Menuju Dakwah yang Arif dan Transformatif
Berbagai
gambaran riil di lapangan menunjukkan bahwa merajut tali kerukunan dan
toleransi di tengah pluralitas agama memang bukan perkara mudah. Beberapa
faktor berikut jelas merupakan ancaman bagi tercapainya toleransi. Pertama, sikap
agresif para pemeluk agama dalam mendakwahkan agamanya. Kedua, adanya
organisasi-organisasi keagamaan yang cenderung berorientasi pada peningkatan
jumlah anggota secara kuantitatif ketimbang melakukan perbaikan kualitas
keimanan para pemeluknya. Ketiga, disparitas ekonomi antar para
penganut agama yang berbeda.[11] Guna meminimalisir ancaman seperti ini
(terutama ancaman pertama dan kedua), maka mau tidak mau umat Islam, demikian
juga umat lain, dituntut untuk menata
aktifitas penyebaran atau dakwah agama secara lebih proporsional dan dewasa.
Kedewasaan ini
perlu mendapat perhatian semua pihak karena upaya membina kerukunan umat
beragama seringkali terkendala oleh adanya kenyataan bahwa sosialisasi ajaran
keagamaan di tingkat akar rumput lebih banyak dikuasai oleh juru dakwah yang
kurang peka terhadap kerukunan umat beragama. Semangat berdakwah yang tinggi
dari para pegiat dakwah ini seringkali dinodai dengan cara-cara
menjelek-jelekan milik (agama) orang lain.
Terkait dengan
ini, beberapa hal berikut tampaknya merupakan persoalan mendasar yang harus
senantiasa diupayakan, jika Islam
diharapkan menjadi rahmah untuk seluruh alam. Ketiga hal itu adalah (1), penyiapan da’i yang arif sekaligus bersikap
inklusif, bukan eksklusif; (2), memilih materi dakwah yang menyejukkan dan
(3), dakwah berparadigma transformatif sebagai modal menuju kerjasama antar
umat beragama. Yang pertama, erat kaitannya dengan penyiapan kompetensi
personal seorang dai sedang sisanya kompetensi penunjang yang harus menjadi concern
seorang pendakwah atau muballigh.
Da’i yang
Arif lagi Inklusif. Adalah tugas setiap umat Islam untuk tidak hanya
melaksanakan ajaran agamanya, tetapi juga mendakwahkannya keada diri sendiri
maupun orang lain di manapun dan kapan pun. Dakwah sebagai upaya penyebaran
ajaran Islam merupakan misi suci sebagai bentuk keimanan setiap muslim akan
kebenaran agama yang dianutnya. Al-Qur’an
dalam surat Al-Nahl (16): 125 secara
tegas menyebutkan, “Serulah (manusia) ke jalan Tuhanmu dengan hikmah dan pelajaran
yang baik dan beragumentasilah dengan mereka dengan yang baik (pula).

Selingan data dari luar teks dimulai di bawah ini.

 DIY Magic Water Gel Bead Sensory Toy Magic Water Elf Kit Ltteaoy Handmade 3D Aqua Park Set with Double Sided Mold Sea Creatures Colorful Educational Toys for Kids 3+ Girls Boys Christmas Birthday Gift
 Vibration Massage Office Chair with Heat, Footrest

Sesungguhnya Tuhanmu Dialah yang paling mengetahui siapa yang tersesat dari
jalan-Nya dan Dialah yang lebih mengetahui orang-orang yang mendapat petunjuk”.
Demikian juga sebuah hadis yang
sering kita dengar secara eksplisit menyerukan agar kita menyampaikan kebenaran
dari nabi meskipun satu ayat (sedikit) serta beberepa beberpa dalil lain yang
kompatible dengan anjuran berdakwah.
Dari ayat di
atas, satu hal yang pasti dan mesti digarisbawahi adalah bahwa dakwah hendaknya
dilakukan secara bijaksana dan penuh kedewasaan. Kedewasaan sebagai umat yang
akan mengantarkan keluhuran Islam di mata kelompok lain serta menjadikan orang lain merasa aman (secure)

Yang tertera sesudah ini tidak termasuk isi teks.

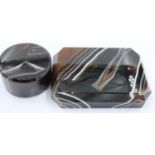 A large polished manao banded brown agate block with bevelled edges, 9 x 6 x 2 cm H, together with a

dan tak terancam dengan Islam. Agar tujuan mulia seperti ini tercapai maka hal-hal berikut seyogyanya
dimiliki oleh seorang da’i dalam melakukan dakwah pada masyarakat plural.

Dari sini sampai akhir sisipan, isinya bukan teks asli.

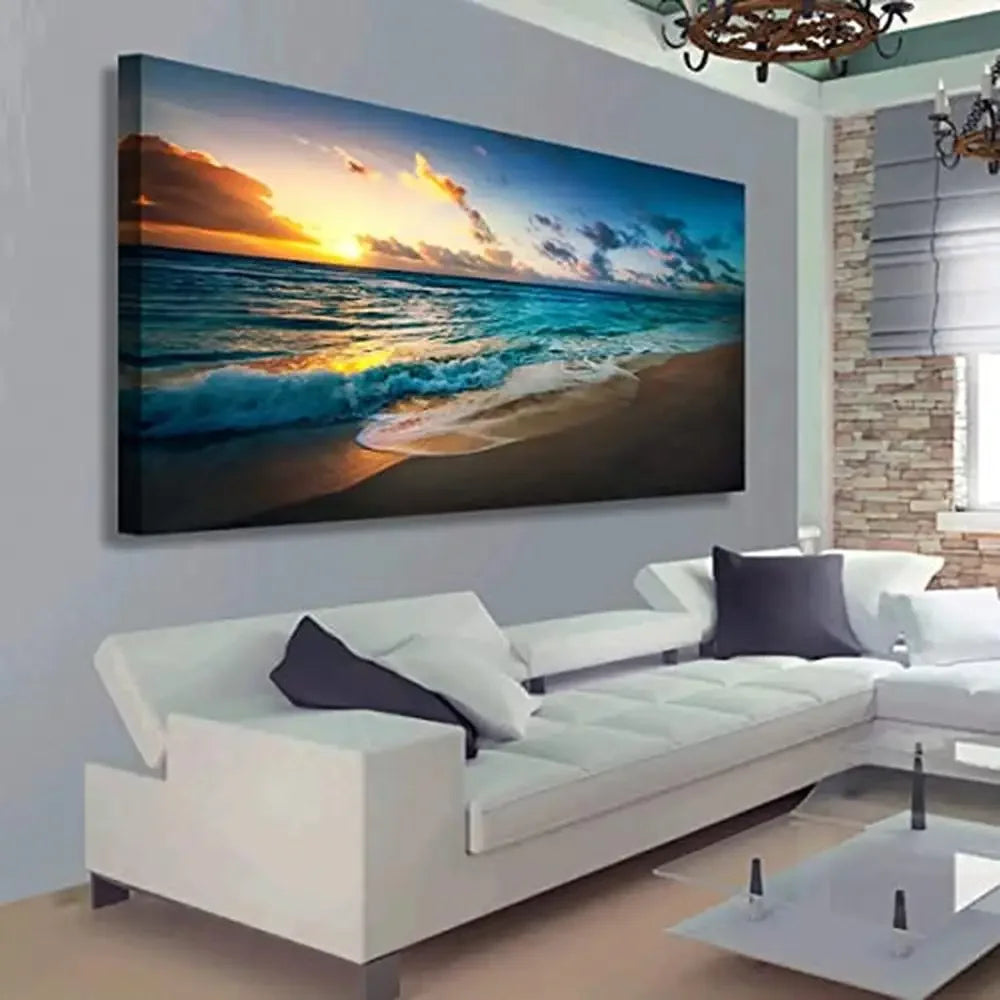 XMSJ Ocean Sunset Canvas Wall Art Seascape Beach Decor Print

Pertama, menyadari heterogenitas masyarakat sasaran
dakwah (mad’u) yang dihadapinya. Keragaman audiens sasaran dakwah
menuntut metode dan materi serta strategi dakwah yang beragam pula sesuai
kebutuhan mereka. Nabi sendiri melalui hadisnya menganjurkan pada kita untuk
memberi nasehat, informasi kepada orang lain sesuai tingkat kemampuan
kognisinya (‘uqulihim).
Kedua, dakwah hendaknya dilakukan dengan menafikan
unsur-unsur kebencian. Esensi dakwah mestilah melibatkan dialog bermakna yang
penuh kebijaksanaan, perhatian, kesabaran dan kasih sayang. Hanya dengan cara
demikian audiens akan menerima ajakan seorang dai dengan penuh kesadaran. Harus
disadari oleh seorang dai bahwa kebenaran yang ia sampaikan bukanlah
satu-satunya kebenaran tunggal, satu-satunya kebenaran yang paling absah.
Karena, meskipun kebenaran wahyu agama bersifat mutlak adanya, tetapi
keterlibatan manusia dalam memahami dan menafsirkan pesan-pesan agama selalu
saja dibayang-bayangi oleh subyektifitas
atau horizon kemanusiaan masing-masing orang.
Ketiga,
dakwah hendaknya dilakukan secara persuasif, jauh dari sikap memaksa karena
sikap yang demikian di samping kurang arif juga akan berakibat pada keengganan
orang mengikuti seruan sang da’i yang pada akhirnya akan membuat misi suci
dakwah menjadi gagal. “Dan katakanlah, kebenaran itu datangnya dari Tuhanmu. Maka,
silahkan (secara sukarela) siapa yang hendak beriman berimanlah dan siapa yang
ingkar silahkan (Qs. Al-Kahfi (18): 29); “Tiada paksaan dalam memeluk agama
(Islam), sesungguhnya telah jelas perbedaan antara yang benar dan yang sesat.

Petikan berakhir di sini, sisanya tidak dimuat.